The movie itself features Ragnarok, the final battle between good and evil where evil is destined to win, causing the worlds to end. Midgard – Earth – would suffer the most in this battle. Loki, played by Richard Grieco, in is home in Niflheim, chants the incantation to start the battle, then heads out to wreak havoc on Valhalla with his giant dog demons. Odin, played by Kevin Nash, senses that something is up and heads off to investigate with his sons, Baldir (Jess Allen) and Thor (Cody Deal). Thor follows Odin into the lair of the Norns (Nicole Fox, Leslea Fisher, Lauren Halperin) who foresee the end of the worlds. Thor, though, defies Fate, setting up the rest of the movie.
Odin faces off against Loki, trying to stave off Ragnarok. Loki, being a trickster, gets Odin to kill Baldir, then stabs Odin in the back. Loki needs the Hammer of Invincibility. With his dying strength, Odin sends the Hammer back to its origins, the Tree of Life, Yggdrasil. Odin’s dying words to Thor are to retrieve the Hammer before Loki can. However, Loki isn’t far and attacks Thor. The surviving son of Odin isn’t adept with weapons yet, stinging more with his words than his sword. Just as Loki is about to strike a killing blow, help appears in the form of Jarnassa (Patricia Valesquez). She strikes Loki from behind, then pulls Thor away.
The chase is on! Jarnassa pulls Thor through several gateways to escape Loki, eventually ending up in Los Angeles. She manages to get some training in for Thor, but he is stubborn and wants revenge on Loki for what he’s done. With Ragnarok in progress, the goal is to get to the Tree of Life to save Midgard and its humans while outrunning Loki and his giant dog-demons…Thor and Jarnassa reach the Tree of Life, where he recovers the Hammer. Jarnassa wants to hide Thor away for as long as it takes to train him. Thor insists on stopping Loki now.
Thor wins the argument, but in his fight against Loki, loses the Hammer to him. Loki is able to get to the Tree of Life and kill it, ensuring Ragnarok happens. Thor is sent to Niflheim. Instead of perishing, Thor figures out how to use his godly abilities and creates a new Hammer of Invicibility. He climbs out of Niflheim back to Midgard and fights Loki one more time, hammer to hammer. Thor the Warrior emerges and defeats Loki, then heads to the Tree of Life to revive it, ending Ragnarok. To ensure that the end of Midgard will never happen, Thor returns to the Norns and destroys their loom and tapestries, letting humans decide what their fate will be.
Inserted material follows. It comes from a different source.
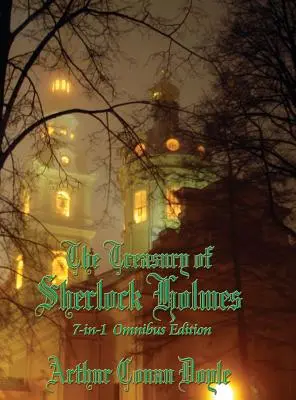 Pokladnice Sherlocka Holmese - The Treasury of Sherlock Holmes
Putting aside other problems the movie has, and it has many, it plays fast and loose with Norse mythology. Baldir is fated to die by being hit by mistletoe, not Odin’s own spear. Thor and Loki are brothers, both sons of Odin. But when it comes to getting something done quick and cheap, details are one of the first corners cut. The Almighty Thor borrows from myth and legend in its own way, becoming less a product of the source and more its own movie.